Pictures aside, reproduce exactly each line from the one holding "A yellow puffle hanging out in a fence." through the last line of the material, both ends included.

Top of Input material

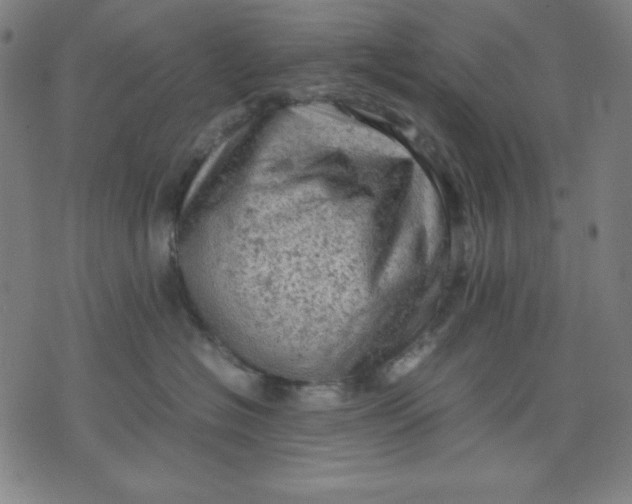 X0000072550574200607281652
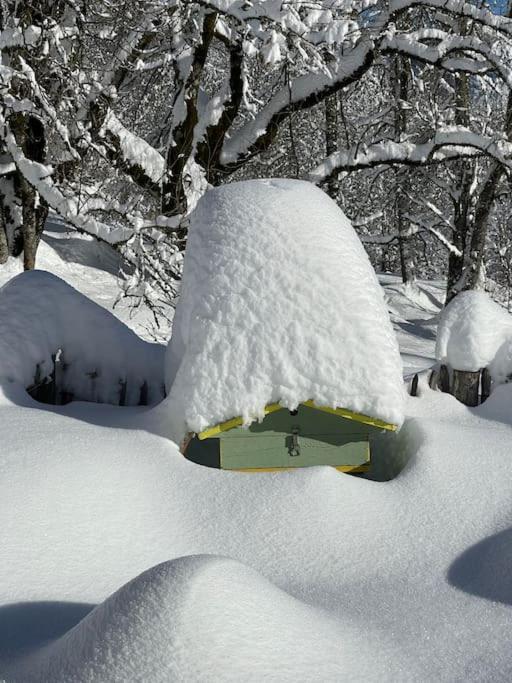 Chalet Alpage Proche Geneve Mégevette Dış mekan fotoğraf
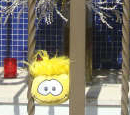 A yellow puffle hanging out in a fence.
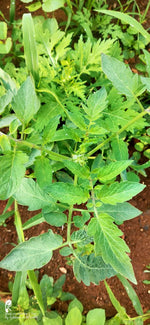 Tomato Leaf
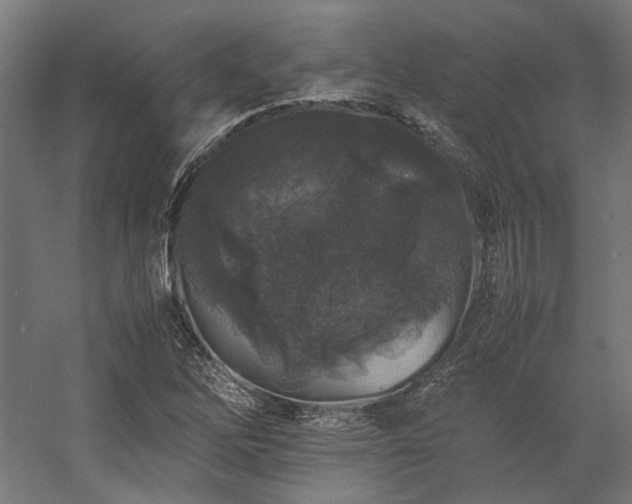 X0000058101262200509230950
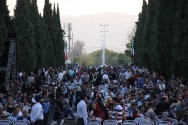 بیش از 12هزار نفر از مجموعه سعدیه رایگان بازدید کردند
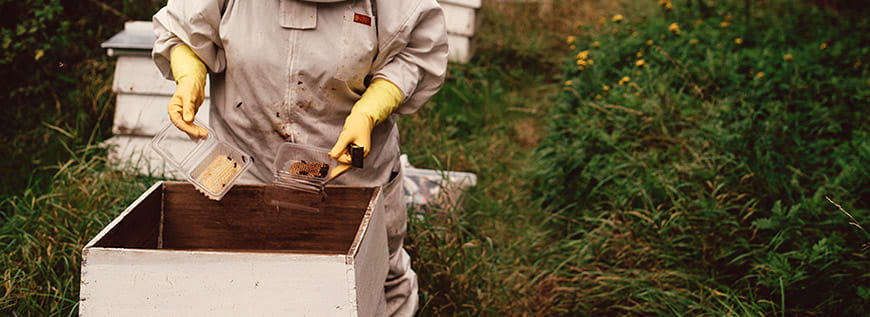 Beekeeping Supplies Lehman S,Teddy Bear Hamster Babies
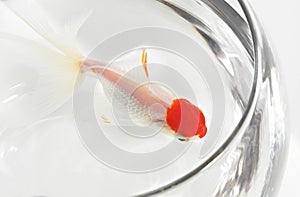 Goldfish in bocal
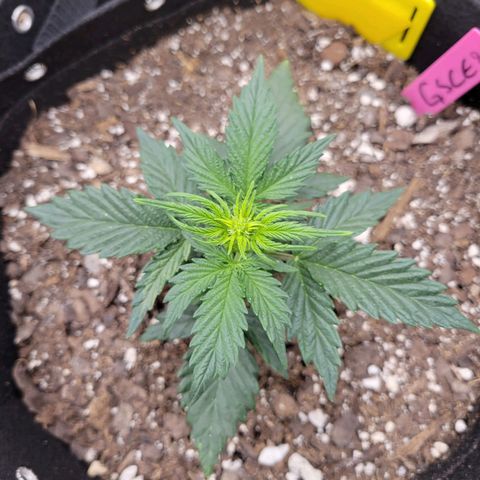 Girl Scout Cookies Extreme auto #2 (ILGM) growlog timeline photo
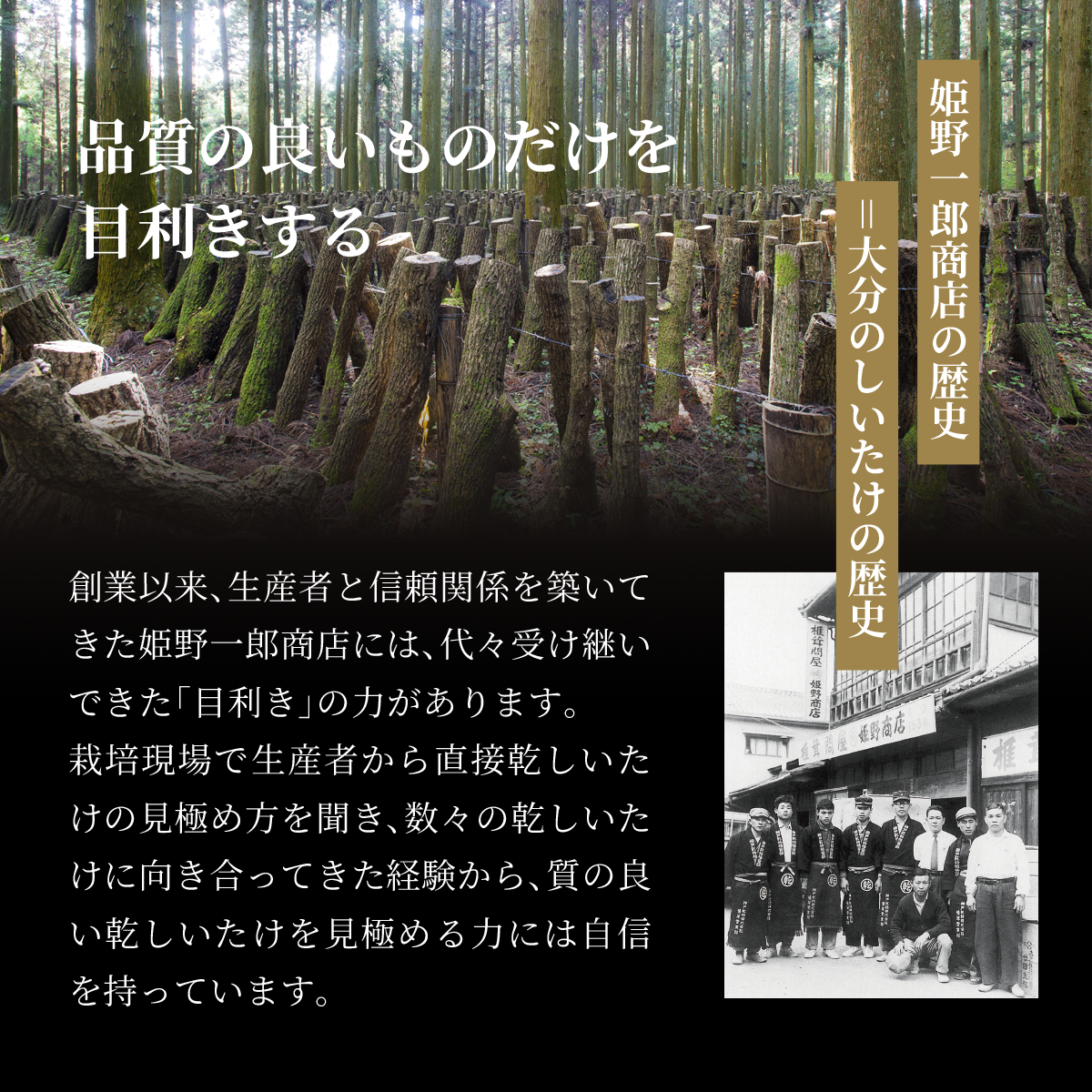 佃煮 ギフト 椎茸 老舗 詰め合わせ 国産 姫 ギフトセット 10個入(9種類)  しいたけの佃煮 昆布の佃煮 ちりめん ぴり辛 つくだ煮 甘露煮 ゆず甘露 きくらげ ご飯のお供 保存料・化学調味料不使用 手作り プレゼント 贈り物 手土産 ふるさとの味 姫野一郎商店 母の日 お歳暮 お中元 夏の贈り物 冬の贈り物 敬老の日 新築祝い お祝い 敬老の日 快気祝い 引っ越し祝い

Bottom of Input material

Output for this task:
 A yellow puffle hanging out in a fence.
 Tomato Leaf
 X0000058101262200509230950
 بیش از 12هزار نفر از مجموعه سعدیه رایگان بازدید کردند
 Beekeeping Supplies Lehman S,Teddy Bear Hamster Babies
 Goldfish in bocal
 Girl Scout Cookies Extreme auto #2 (ILGM) growlog timeline photo
 佃煮 ギフト 椎茸 老舗 詰め合わせ 国産 姫 ギフトセット 10個入(9種類)  しいたけの佃煮 昆布の佃煮 ちりめん ぴり辛 つくだ煮 甘露煮 ゆず甘露 きくらげ ご飯のお供 保存料・化学調味料不使用 手作り プレゼント 贈り物 手土産 ふるさとの味 姫野一郎商店 母の日 お歳暮 お中元 夏の贈り物 冬の贈り物 敬老の日 新築祝い お祝い 敬老の日 快気祝い 引っ越し祝い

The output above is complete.